# Text Mining in Python
#### In our last lecture we learned about the bag of words (BOW) representation for transforming unstructured text into a document-term matrix that we could use with machine learning algorithms. Today, we'll learn about another way of representing the presence of terms in a document by reweighting the counts based on the importance of the terms.

## TF-IDF (Term Frequency - Inverse Document Frequency)

From [Wikipedia](https://en.wikipedia.org/wiki/Tf%E2%80%93idf):<br>

In information retrieval, tf–idf or TFIDF, short for term frequency–inverse document frequency, is a numerical statistic that is intended to reflect how important a word is to a document in a collection or corpus. It is often used as a weighting factor in searches of information retrieval, text mining, and user modeling. The tf-idf value increases proportionally to the number of times a word appears in the document and is offset by the frequency of the word in the corpus, which helps to adjust for the fact that some words appear more frequently in general. Nowadays, tf-idf is one of the most popular term-weighting schemes; 83% of text-based recommender systems in the domain of digital libraries use tf-idf.

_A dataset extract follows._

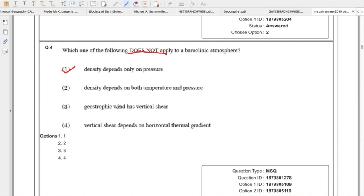The third option — geostrophic wind has vertical shear — is true. Geostrophic wind is basically a balance of Coriolis force and pressure gradient force. Vertical shear depends upon the horizontal thermal gradient. The fourth option is also true: baroclinic instability is the dominant mechanism for generating cyclones as well as anticyclones. Remember these three points are very important as far as the baroclinic atmosphere is concerned.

#### Term Frequency: the number of times a term (token, e.g. a word) appears in a document<br>Document Frequency: the number of documents that a word appears in

So let's stop and think about this for a second. Say our goal is to find all relevant documents from a corpus given a search phrase. Say we're only allowed to search for documents using one word of the search phrase at a time. You've created a dictionary where all of the terms present in the documents are the keys and the values are set of tuples (document, term frequency). We'll need to consider each of the words in the search phrase to determine the relevance of each of the documents found.<br>

example search phrase: <em>the fast fourier transform</em><br>

Your first thought might be to take the intersection of each set of documents that contain each word. But how would you go about ordering those results? What if there was a document where French version of Pinocchio about a doll named Fourier that wanted to transform into a real boy (and do so fast)? How would you determine that was irrelevant?

Let's consider each word:

<b>the</b>: this word probably appears in every document so a document containing <em>the</em> doesn't mean that it's relevant at all

<b>fast</b>: this word probably appears in a lot of documents that have nothing to do with the fourier transform in addition to those about the fast fourier transform so it's not as useless as the but still pretty irrelevant

<b>fourier</b>: this word will appear in a lot less documents than the word fast, therefore it should be more relevant to our query

<b>transform</b>: this word will appear in more documents that <b>fourier</b> but less documents than <b>fast</b> and it's relevance should reflect that

We also care how many times the word is mentioned. In a document about the fast fourier transform, we would expect each of those words to occur frequently. However, we should keep in mind that we care more about the relative frequency than the overall frequency. Therefore we should normalize the term frequency based on how many words are present in the document. So that we don't place assign higher relevance to a document merely because it is longer.

Notice, that the relevance of any document is directly proportional to the normalized term frequency and inversely proportional to how many documents the term appears in. This is the motivation behind tf-idf.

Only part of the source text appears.